< Battlefield Earth (novel)
Battlefield Earth (novel)/YMMV
The Book
- Anvilicious
- Arc Fatigue: The movie wisely cut out the chapters involving the mining of the gold, or the long search for radiation.
- Ending Fatigue: The book's climax is around page 320, and there's an obvious enough ending when the humans have retaken their planet. And then the book keeps going for 700 more pages.
- Marty Stu: Jonnie is physically perfect despite hailing from a village plagued by radiation, an awesome fighter, a super genius, and so beloved by all that when he falls ill, the entire planet, including countless tribes he has never met, is worried sick about him. Some of them add him to their pantheons.
- Heck -- his middle name is "Goodboy"! Lafayette, dontcha think you were trying a mite too hard to make this guy a God among men?
- Squick: The Bittie and Pattie relationship. If we're optimistic and they're both about the same age, we have two eight-year-old who decide to get married someday. Then Bittie dies, and Pattie goes into a deep depression. And then years pass and Pattie still hasn't moved on, goes to Bittie's tomb, and demands that a parson marry them.
The Film
- Bile Fascination: The movie regularly places in the top (bottom?) 10 of most filmgoers' "worst movies of all time" lists.
- Harsher in Hindsight: Some may find it hard to appreciate the heroes' methods after the real life tragedy that happened a year after this film was released. Also has some Unfortunate Implications.
- Hilarious in Hindsight: It's an unintentional Actor Allusion, but John Travolta goes around with a rubber hose up his nose.
- Ho Yay: One of Jonny's followers spends much of the movie looking soulfully at his leader. Jonny even cuts off a lock of his hair for him, and he wraps it around his fist as a sort of talisman. There's arguably more chemistry between the two than between Jonny and his designated love interest.

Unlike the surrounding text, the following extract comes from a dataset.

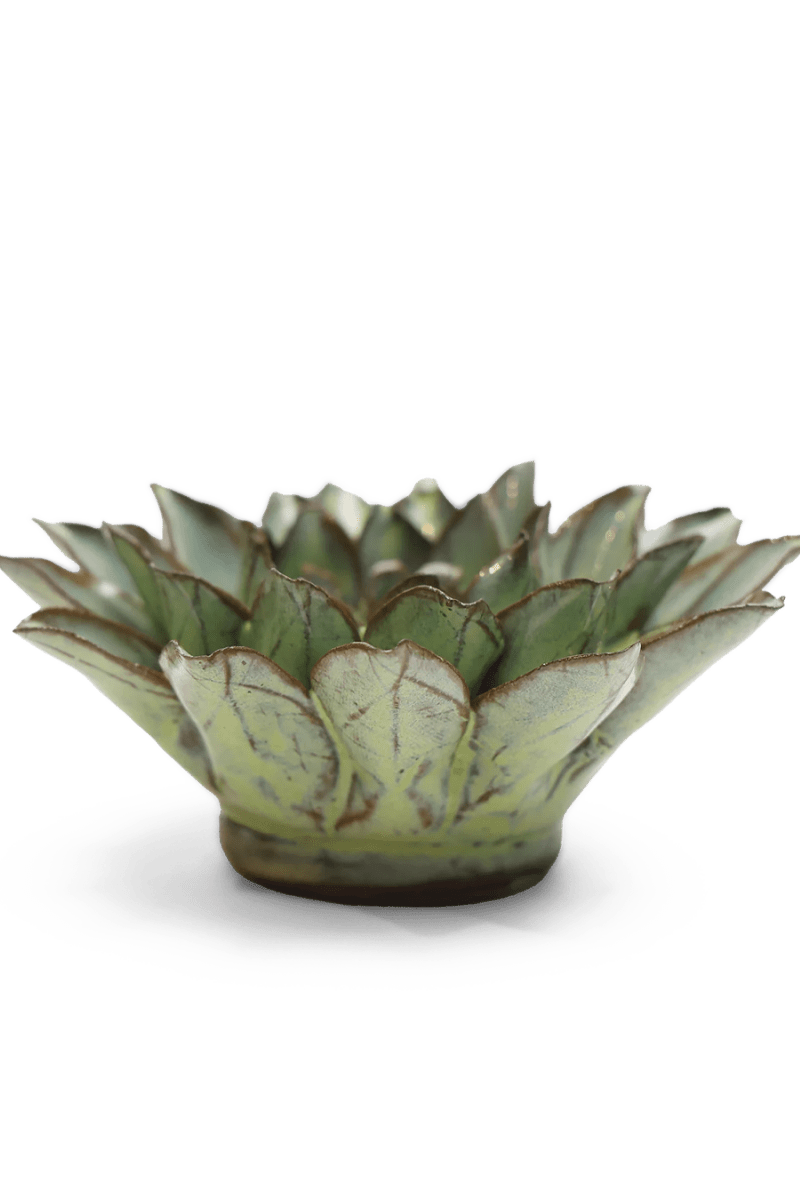 JA06 Pear Green Calico Aster - Chive US Wholesale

- Idiot Ball: A lot of characters grab a hold of this, but the Psychlos seem to have been issued an individual one at birth.
- Actually, every individual Psychlo was issued an Idiot Ball at birth in the form of a brain implant by the catrists (something covered by the book but not the movie).

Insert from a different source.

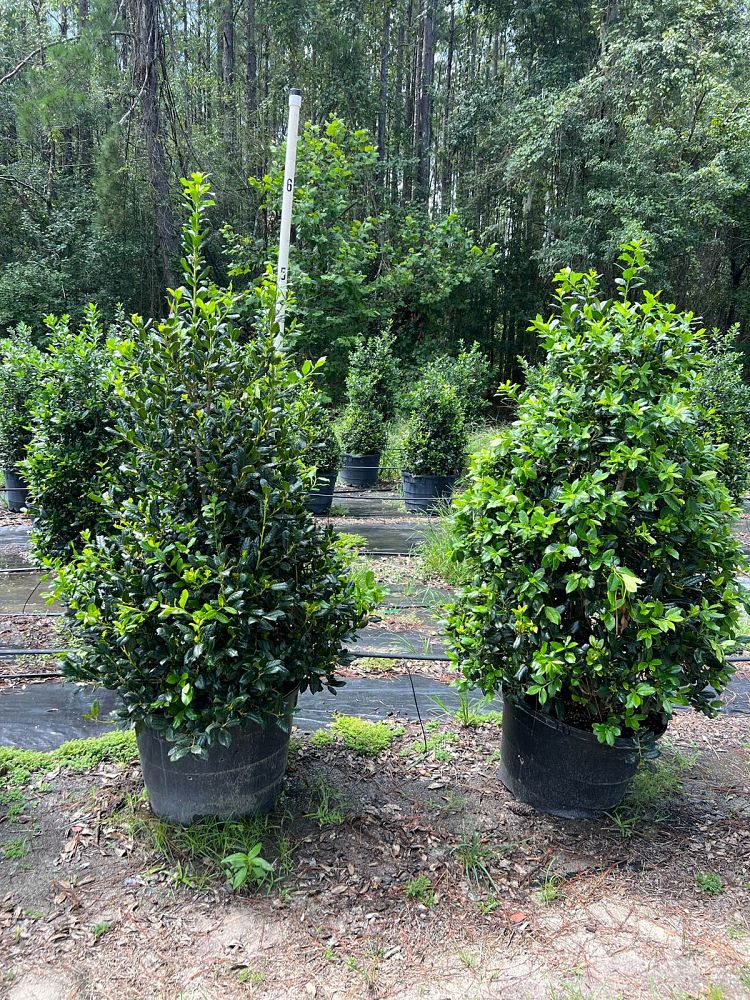 ilex-nellie-r-stevens-holly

- One example from many: Terl gets so into shooting cows to demonstrate his shooting prowess to the humans that he doesn't actually pay attention to his surroundings, and gets jumped from behind as a result.

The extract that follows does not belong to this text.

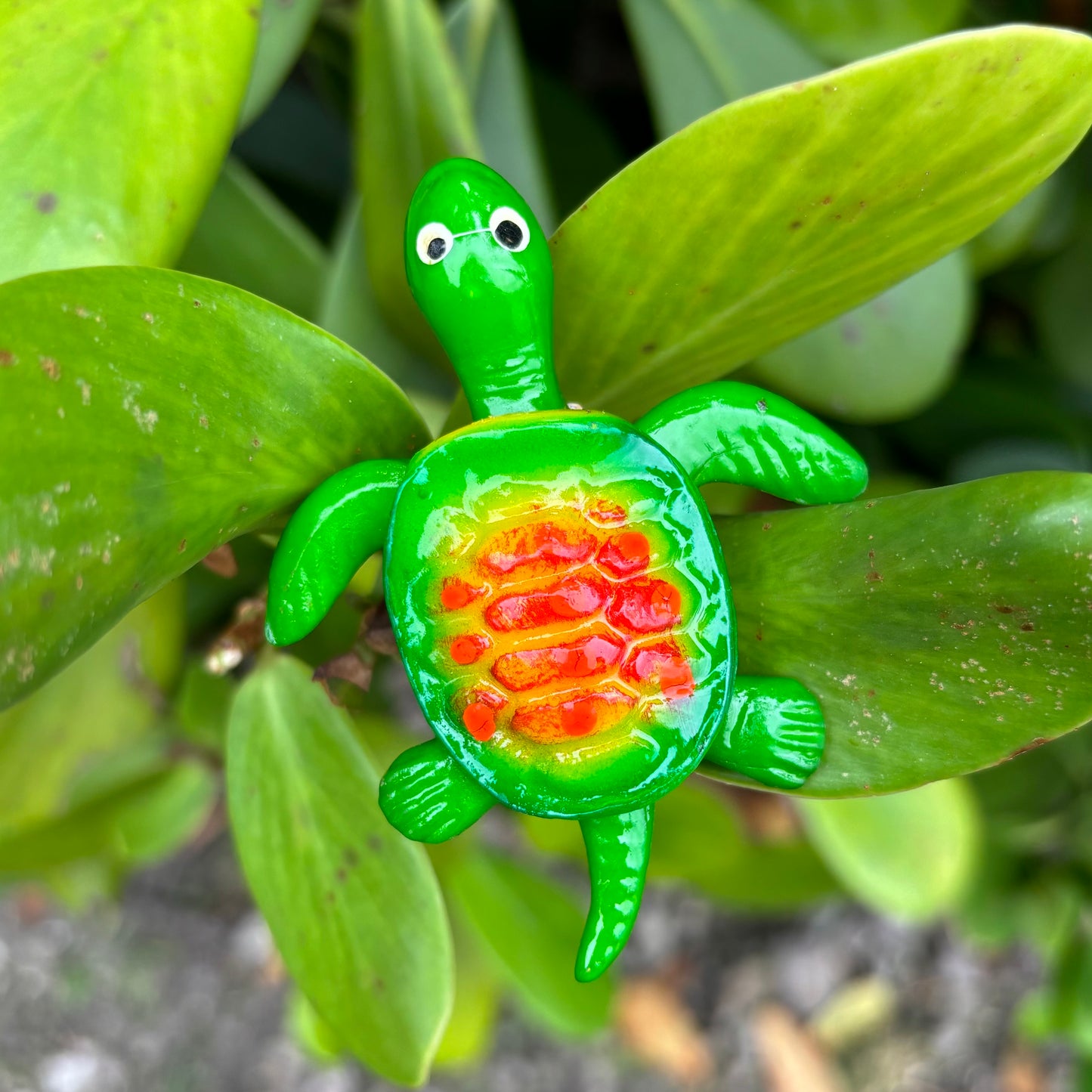 Sea Turtle Magnet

- Terl also teaches the humans how to work their aircraft, weaponry, and speak their language.
- In any scene with Terl and Johnny together, you can almost see them passing the ball back and forth. One memorable case is when Terl is inspecting the results of Johnny's mining and quite understandably asks how Johnny is presenting him with gold bars, rather than the ore he was expecting. Johnny, who hadn't spotted that flaw in his plan, gives Terl some lame answer about how they decided to smelt and shape it for him. Terl accepts the obvious fallacy without question.
- Idiot Plot: Characters aren't making the wisest decisions in this film.
- Memetic Mutation:
Terl: While you were still learning how to spell your name, I was being trained to conquer galaxies!
- Nausea Fuel: Given the amount of tilted camera shots, it's probably a good idea to avoid this movie if you suffer from motion sickness.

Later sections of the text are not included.